Why not all first time homebuyer programs are created equal

If you are just starting in life and trying to get your footprint in the real estate climate; the information in this post is for you. Everyone must start somewhere and buy that first home. That first home is always the big one it is by far the hardest and most emotional. It can also be exciting, stressful, and euphoric all at the same time. A first-time homebuyer, these days unfortunately is not all that it is made up to be. Here is the reality of what you should be considering if you are a first-time homebuyer.

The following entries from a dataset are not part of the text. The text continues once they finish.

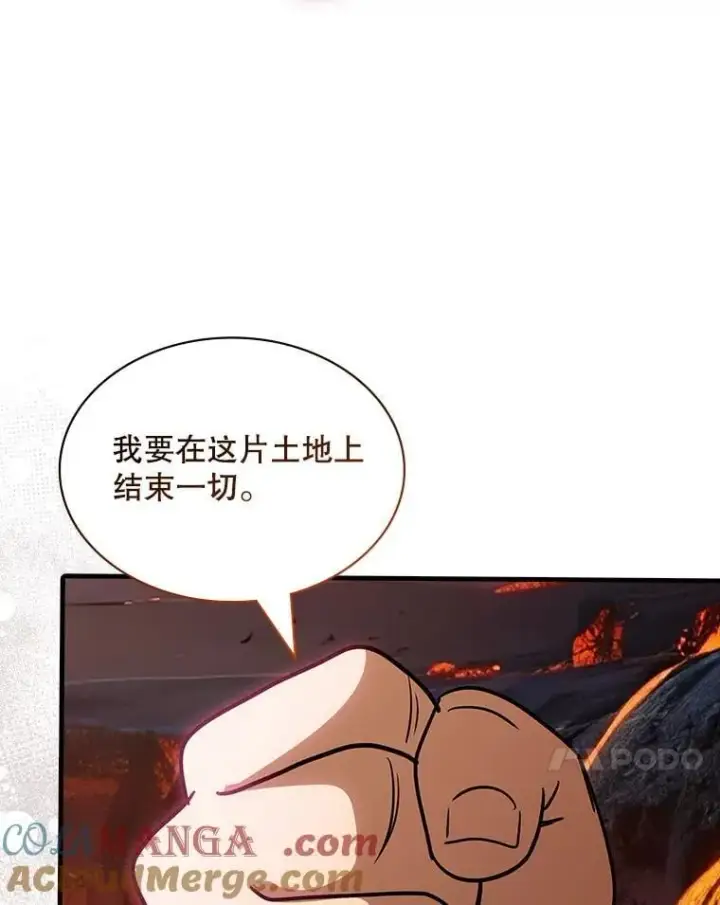 漫画《SSS级隐藏大佬》128.大战在即（2）第101张图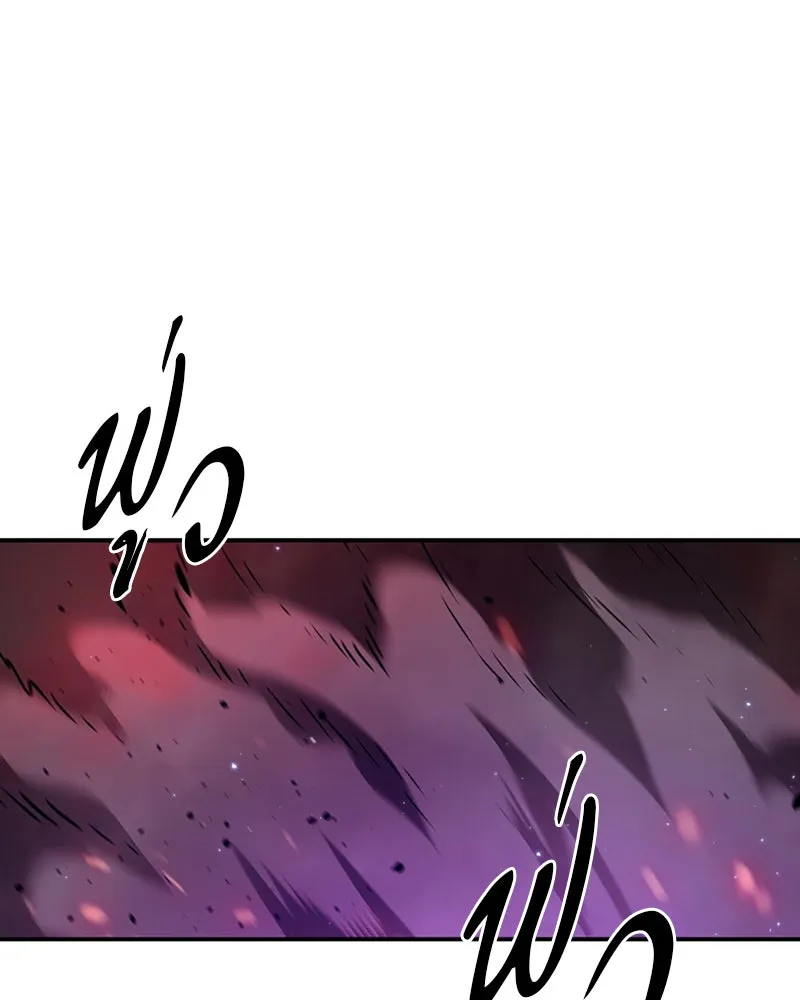 Player ตอนที่ 103 รูปที่ 13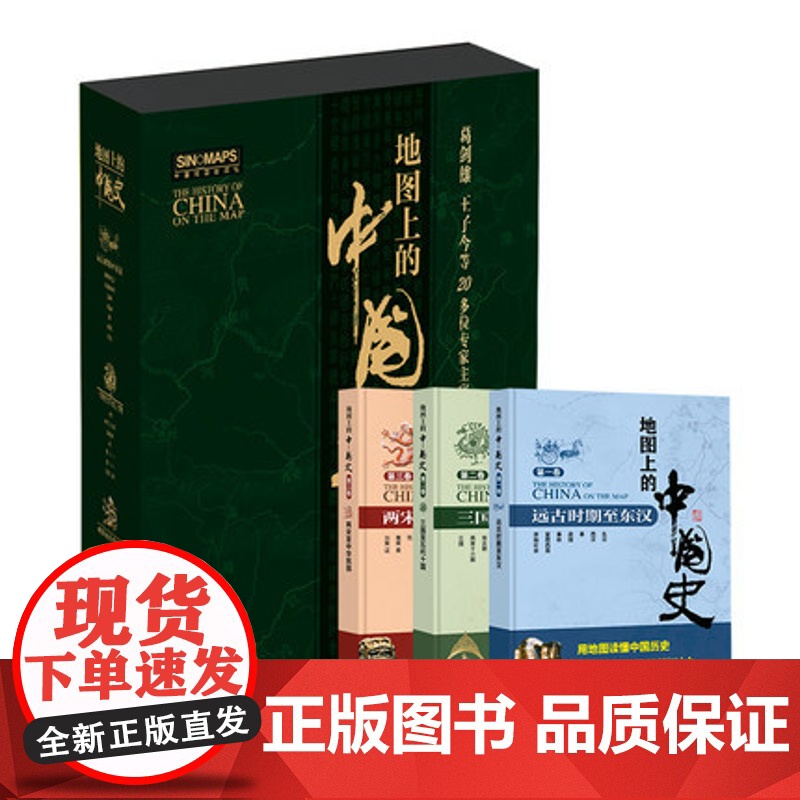地图上的中国史 精装版 共三卷 中国通史 中国历史地图集 历史知识地图集 中外历史年表 历史地理工具书 中国地图出版社出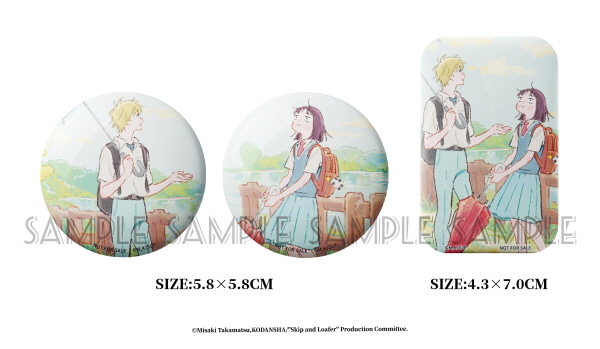  [Ư������] 1/7 ��ŵ�� ���� - �̿����� ������/�ø� �ҽ��� 2�� ��Ʈ [6977099320057]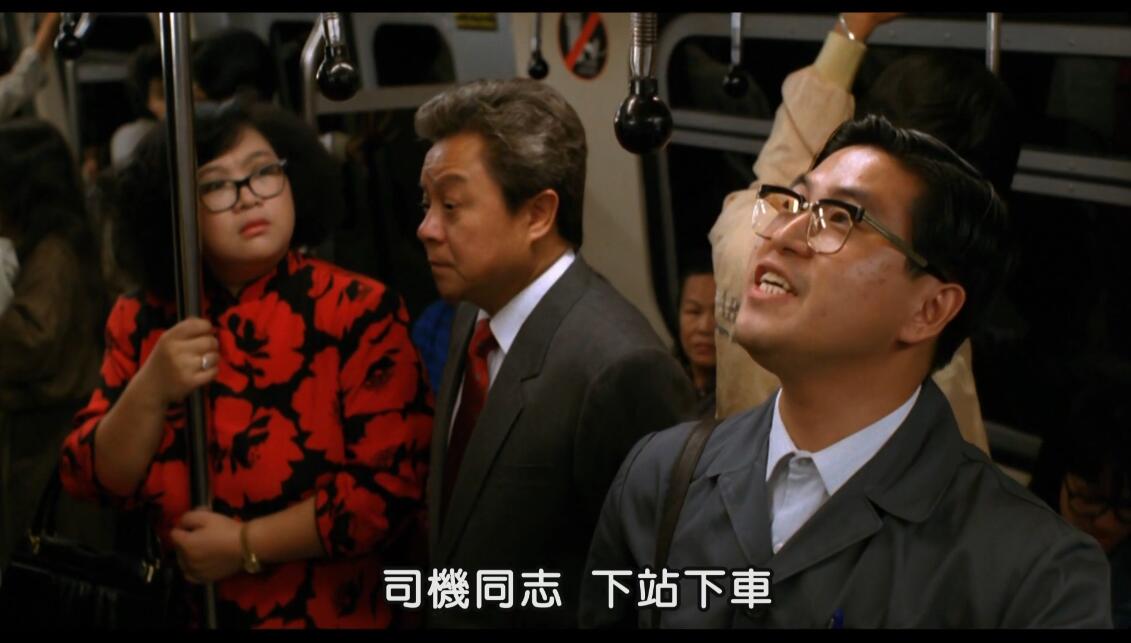 富贵再逼人剧照的剧照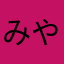 みやけあいか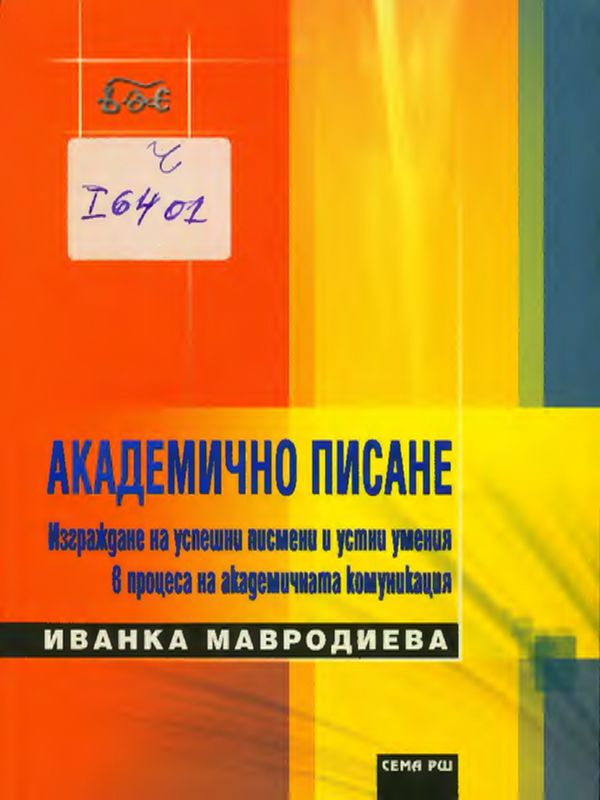 Академично писане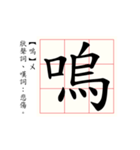 Daily word in Chinese calligraphy 2.0（個別スタンプ：16）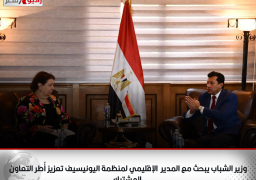 وزير الشباب يبحث مع المدير الإقليمي لمنظمة اليونيسيف تعزيز أُطر التعاون المشترك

A first-time homebuyer in the eyes of a mortgage company is anyone who has not owned a primary home in the last three years. Here is the reality of what the first-time homebuyer means. It’s your first house it’s nothing more than that, unfortunately. The tax credits and the programs that were specifically for first-time homebuyers several years ago have all since mostly evaporated. There are programs out there; state grant programs, and down payment aid programs; that do provide the ability to come in with little or no money down. But let us take a step back for a second and look at the bigger picture. If you are a first-time homebuyer with good credit and have a respectable job. You also have little or no monthly debt, but you do not have any savings. Quite honestly you should not be buying a home. The reality of it is buying a home is something that requires careful meticulous consideration. It also requires a good foundational platform. Including favorable income, a respectable job, and a credit history.

If you bake cookies and you use too much sugar, they’re not going to come out right. Same thing with mortgages. You must have the right blend of cash, credit, and income to successfully buy a house in this 2022 real estate climate.

This means using the money for example from a 401K. Another thing you might have the ability to do is ask a friend or a family member for financial help. Getting a cosigner or getting a gift from someone could be a good platform. Especially if this is a trusted person in your life who wants to see you succeed. If those are not options stop looking for a house and work on saving money to better your income situation. Buying a house is not for everyone and it might mean that you can do it just not right now. You need to work on your credit. You need to pay off a debt, or loans, or lower your credit limits. Whatever the case is you want to work with a mortgage lender that can articulate where you are right now and help create a path for where you are going.

Trying to fit you in on a state-specific down payment program just because you can afford the mortgage payment does not necessarily mean that you should consider it. Let us say you can qualify for a state-funded down payment aid program, it is true you might be able to buy a house with little down. You also must have money for closing costs. Meaning you might have to get a seller credit for closing costs. The 2022 real estate market presently is not supportive of getting seller credits. A low supply of homes on the market on a national level also means you’re going up against other offers that are putting more money down or coming up with the money for closing costs. This is a reality of first-time homebuyers looking for down payment aid programs or a way around the traditional formula end up realizing. This is ok because everyone must start somewhere.

The first-time homebuyer program can get your foot in the door if you have a down payment. Money for closing costs is 3% down the conventional loan or 3.5% down the FHA loan. If you are a military veteran a 0% VA loan is an option. Provided that you have money in the bank. The number one thing is money in the bank that will help you buy a house. Start a 401K, an IRA, or a tyrant account. Not all but most employers will help contribute to such accounts. These are absolute accounts that you can borrow from without any interest or penalties to buy your first home. Wait, and in the future get a lower interest rate and put yourself in a much better financial position. You want to work with a lender who understands where you are right now and can help articulate a plan for you in the future.